Aunque parezcan momentos culminantes o finales de capítulos de radionovelas, realmente no lo son. Se trata de diálogos transcritos de los filmes El derecho de nacer (1951), de Zacarías Gómez Urquiza; La Renegada (1951), de Ramón Peón; La mentira (1952), de Juan Jesús Ortega; e Y si ella volviera (1956), de Vicente Oroná. Los aúna no solo la década en que fueron realizados o el predominio de la nacionalidad mexicana (con excepción de la cinta de Peón), aunque un par de títulos sean coproducciones con Cuba: todos constituyen adaptaciones de exitosos folletines radiofónicos debidos a la fecundidad de autores como Félix B. Caignet, Arturo Liendo, Caridad Bravo Adams e Iris Dávila, respectivamente.

Que el primer largometraje sonoro del cine cubano —La serpiente roja (1937), dirigido por Ernesto Caparrós, pionero del séptimo arte criollo— adaptara una exitosísima serie radial, escrita por el santiaguero Caignet (1892-1976), indica en alguna medida el derrotero que tomaría la cinematografía de la Isla tras los balbuceos del sonido. Los propietarios de los cines de La Habana, temerosos de perder a un público seducido por los episodios del detective chino Chan Li Po, amenazado también por la enigmática «serpiente roja», decidieron, en una solución desesperada, colocar amplificadores en las salas. Garantizaban así que los asistentes escucharan aquel programa diario capaz de alcanzar la mayor audiencia. Mientras la voz de Marcelo Agudo narraba las aventuras del inefable investigador personificado en la radio, y luego el actor Aníbal de Mar en el cine, con sus pintorescos rasgos asiáticos, las calles de la capital cubana permanecían desiertas. El fenómeno se repetiría muchísimos años después con la transmisión de la telenovela brasileña La esclava.
Ante aquel éxito radial sin precedentes, el astuto Caparrós invitó a Caignet a escribir el argumento de una película que trasladaba del dial a la pantalla las pesquisas detectivescas de Chan Li Po, nada menos que en un brumoso castillo londinense «donde ocurren cosas terribles», reproducido bajo el abrasador calor caribeño. Alguna que otra palma real, de improbable cosecha en la gélida Inglaterra, asomaba en el paisaje circundante de un hipotético lago. Los gritos de terror de la actriz con el inefable nombre artístico de Pituka de Foronda contribuían a mantener tenso al auditorio.
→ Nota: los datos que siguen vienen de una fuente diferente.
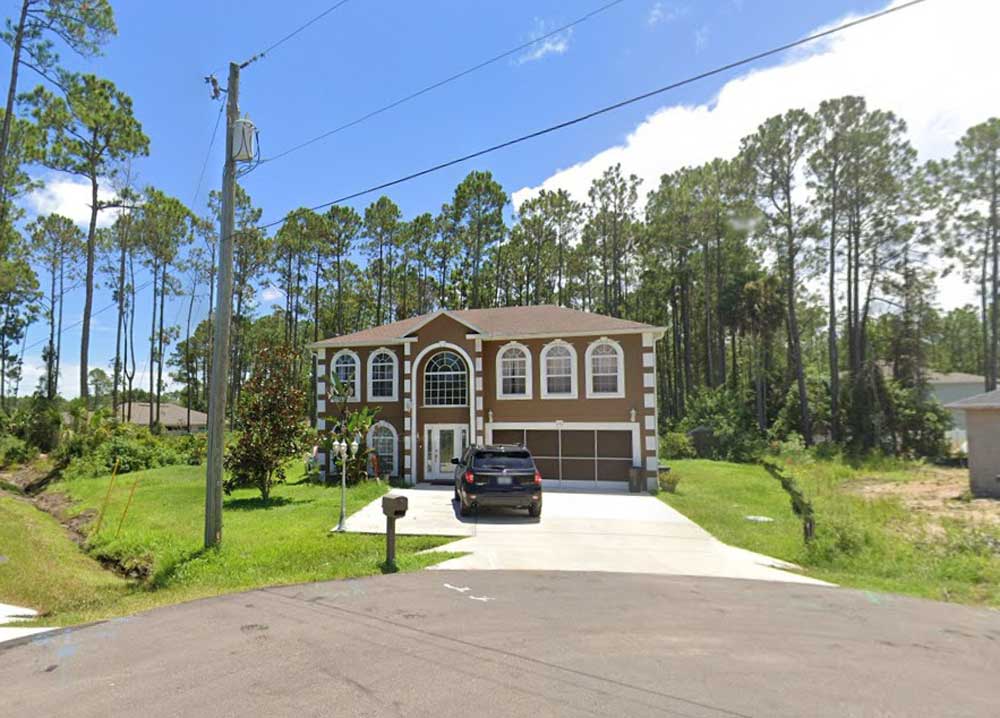 The two-level house at 14 Ricker Place, where the stand-off has unfolded. (Google)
El triunfo no demoró ante la imaginativa trama concebida por alguien que ya en los años veinte publicaba en la sección «De la pantalla», en el diario El Sol, «entrevistas» a famosas estrellas de Hollywood firmadas con el seudónimo de Miss Alice Dudelzac, supuesta periodista norteamericana residente en Santiago de Cuba. El filón había sido descubierto.
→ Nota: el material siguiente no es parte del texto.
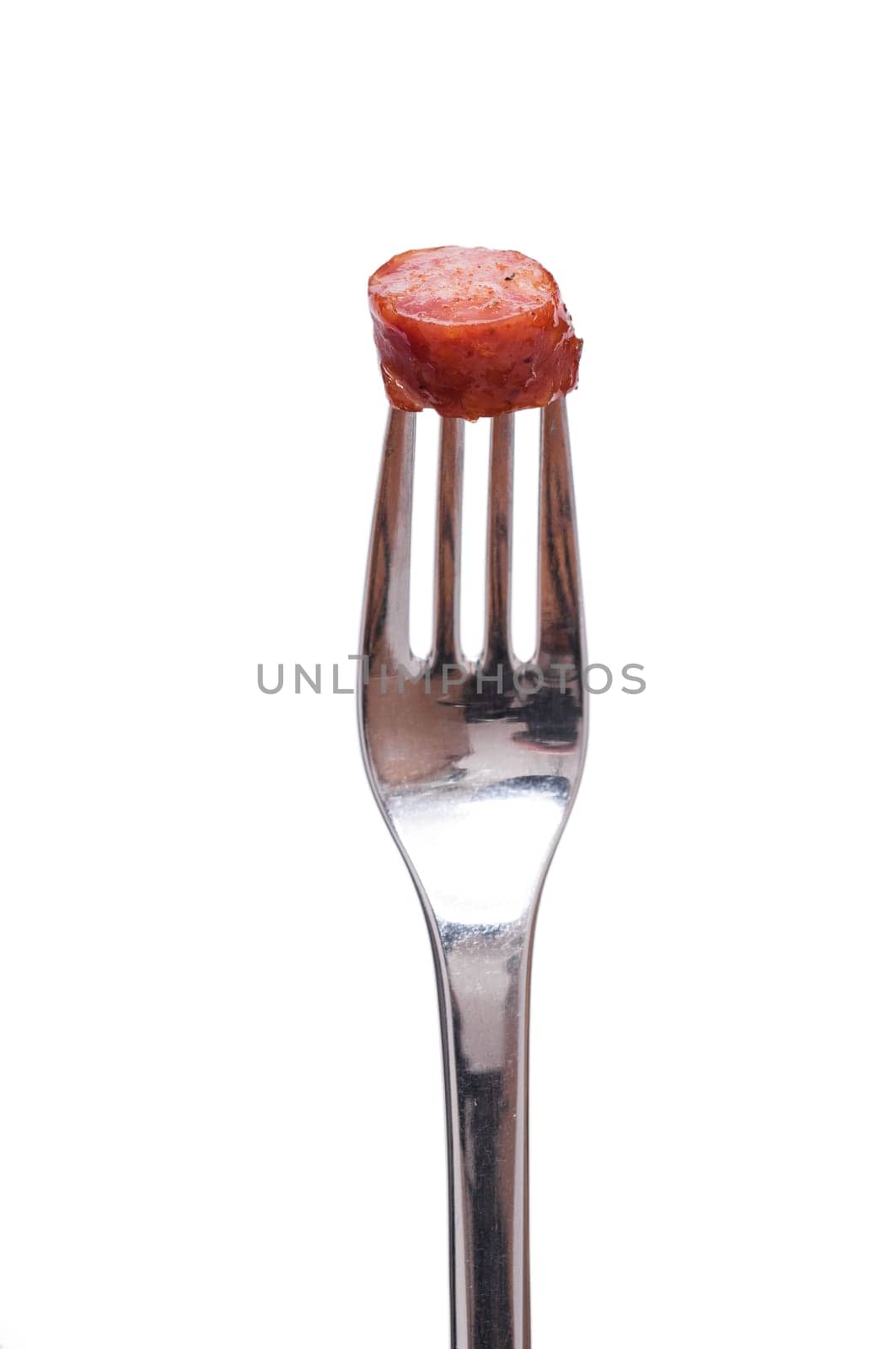 Sausage pepper biter and a fork against white background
Durante el período comprendido entre la llegada del cinematógrafo a Cuba, en enero de 1897, y 1960, la cinematografía cubana, a diferencia de las más desarrolladas del continente, como las de Argentina y México, se distingue por apenas recurrir a la adaptación de obras teatrales y literarias, que resultan excepcionales. Este hecho le confiere un rasgo distintivo en el contexto del cine del área. Por entonces, para aprovechar la disminución de la exigencia del pago de los derechos de autor por esa muy conveniente secuela de la Segunda Guerra Mundial para el cine, que exoneraba de esa obligación, los cineastas, cámara en mano, saqueaban o plagiaban sin miramientos o pudor las novelas de los más dispares autores. Trasladaban los argumentos a sus respectivos paisajes u optaban por conservarlos en su medio original, recreados en los estudios Churubusco o en los de la productora EFA porteña por excelentes escenógrafos.
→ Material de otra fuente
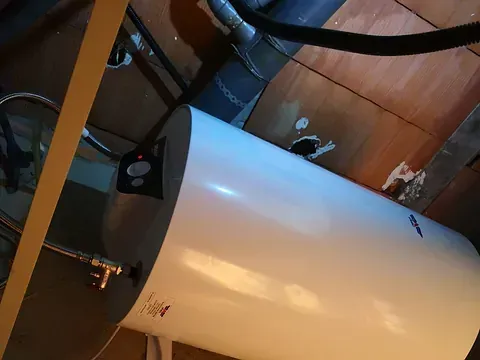 Un calentador de agua blanco está ubicado debajo del techo de una habitación.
En lugar de filmar alguna novela de Salgari, Dumas o Jack London, o una comedia refinada de Oscar Wilde, los realizadores cubanos prefirieron primero llamar a dramaturgos de probada garantía en los escenarios del teatro bufo o vernáculo —entre ellos Federico Villoch, «el Lope de Vega criollo»—, para que escribieran los argumentos, originales en su mayoría. Más tarde, al descubrir la eficacia comunicativa de los novelones radiales, apelaron al recurso infalible de llevarlos a la pantalla. Las lágrimas derramadas a raudales por la costarricense Yadira Jiménez, protagonista de La renegada (1951) —«la dramática historia de una mujer víctima de la calumnia y la maledicencia de todo un pueblo instigado por una chismosa», como era promovida en su época— les parecían mucho más auténticas que las de Lina Montes en La dama de las camelias, de Gabriel Soria; Delia Garcés en Casa de muñecas, de Ernesto Arancibia; o Lupe Vélez en Naná, de Celestino Gorostiza, todas de 1943.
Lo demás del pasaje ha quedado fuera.